Different compilers in Pyccel#

Compilers supported by Pyccel#

Pyccel provides default compiler settings for 4 different compiler families:

  • GNU : gcc / gfortran

  • Intel : icx / ifx

  • NVIDIA : nvc / nvfort

  • LLVM: clang / flang

Warning : The NVIDIA compiler is not currently tested regularly

Specifying a compiler#

The default compiler family is GNU. To use a different compiler, the compiler family should be passed to either pyccel or epyccel. E.g.

pyccel example.py --compiler-family intel

or

epyccel(my_func, compiler_family='intel')

It is also possible to change the default compiler family by setting the environment variable PYCCEL_DEFAULT_COMPILER. E.g.

export PYCCEL_DEFAULT_COMPILER='intel'
pyccel example.py

The --compiler-family flag overrides the default compiler: if this is provided, the environment variable is ignored.

Using an unsupported compiler or custom compiler flags#

Pyccel’s compiler settings are described internally by a dictionary. This makes it easy for a user to define their own compiler settings. This is done via a JSON file. The location of the JSON file is passed to the --compiler-config flag of the pyccel command line interface, or to the compiler_config argument of the epyccel function. The JSON file must define the following parameters for each of the desired languages (we advise always including C in order to compile the wrapper):

  • exec : The name of the executable

  • mpi_exec : The name of the MPI executable

  • module_output_flag : This flag is only required when the language is Fortran. It specifies the flag which indicates where .mod files should be saved (e.g. ‘-J’ for gfortran)
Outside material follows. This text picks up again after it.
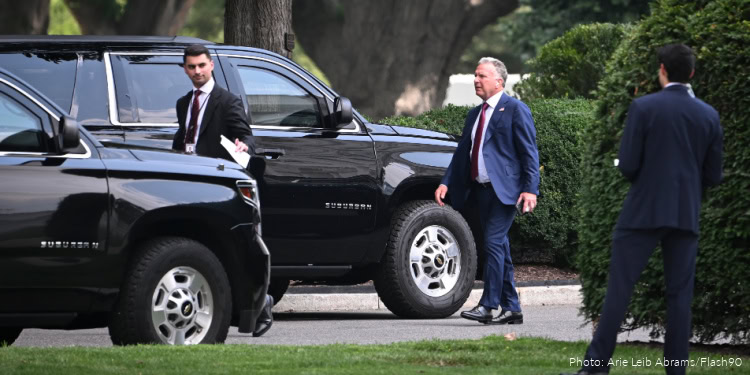 Group of men in suits near black SUVs, possibly diplomats or officials, in an outdoor setting with greenery and trees in the background.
  • debug_flags : A list of flags used when compiling in debug mode [optional]

  • release_flags : A list of flags used when compiling in release mode [optional]

  • general_flags : A list of flags used when compiling in any mode [optional]

  • standard_flags : A list of flags used to impose the expected language standard [optional]

  • libs : A list of libraries necessary for compiling [optional]

  • libdir : A list of library directories necessary for compiling [optional]

  • include : A list of include directories necessary for compiling [optional]

In addition, for each accelerator (mpi/openmp/openacc/python) that you will use the JSON file must define the following:

  • flags : A list of flags used to impose the expected language standard [optional]

  • libs : A list of libraries necessary for compiling [optional]

  • libdir : A list of library directories necessary for compiling [optional]

  • include : A list of include directories necessary for compiling [optional]

Python is considered to be an accelerator and must additionally specify shared_suffix.

The default compilers can provide examples compatible with your system once Pyccel has been executed at least. To export the JSON file describing your setup, use the --export-compiler-config flag and provide a target file name. E.g.

pyccel --compiler-family intel --export-compiler-config intel.json

once this file has been modified it can then be used with:

pyccel --compiler-config intel.json <file_to_translate>

Instead of using the --compiler-config flag, the environment variable PYCCEL_DEFAULT_COMPILER can be used to specify the path to the JSON file. This is especially useful in large projects where the pyccel command (or the epyccel Python function) is used many times with the same flags. E.g.

export PYCCEL_DEFAULT_COMPILER='intel.json'
pyccel mod1.py
pyccel mod2.py
pyccel subdir/mod3.py
...

Passing one of the flags --compiler-family or --compiler-config still allows the user to retrieve the normal behaviour of Pyccel.

Utilising Pyccel within the Anaconda environment#

While Anaconda is a popular way to install Python as it simplifies package management, it can introduce challenges when working with compilers.

Upon installation Anaconda modifies your shell’s environment variables.

This can lead to packages installed in conda/anaconda usurping the packages manually installed by the user.

This in turn easily leads to nasty surprises (e.g. using libraries compiled for serial execution instead of optimised parallel implementations).

To avoid these problems, Pyccel ignores Conda paths when searching for compilers in the system’s PATH.

By using the expected compiler, the expected libraries are correctly linked.

Pyccel offers the --conda-warnings flag which takes one of the following options : off, basic, verbose. This controls the visibility of Conda-related warnings. The default value is basic which indicates when folders are ignored. The verbose option additionally outputs a list of all ignored folders. If these folders should not be ignored then this can be avoided by using a user-defined compiler file as described above. The off option suppresses all Conda-related warnings.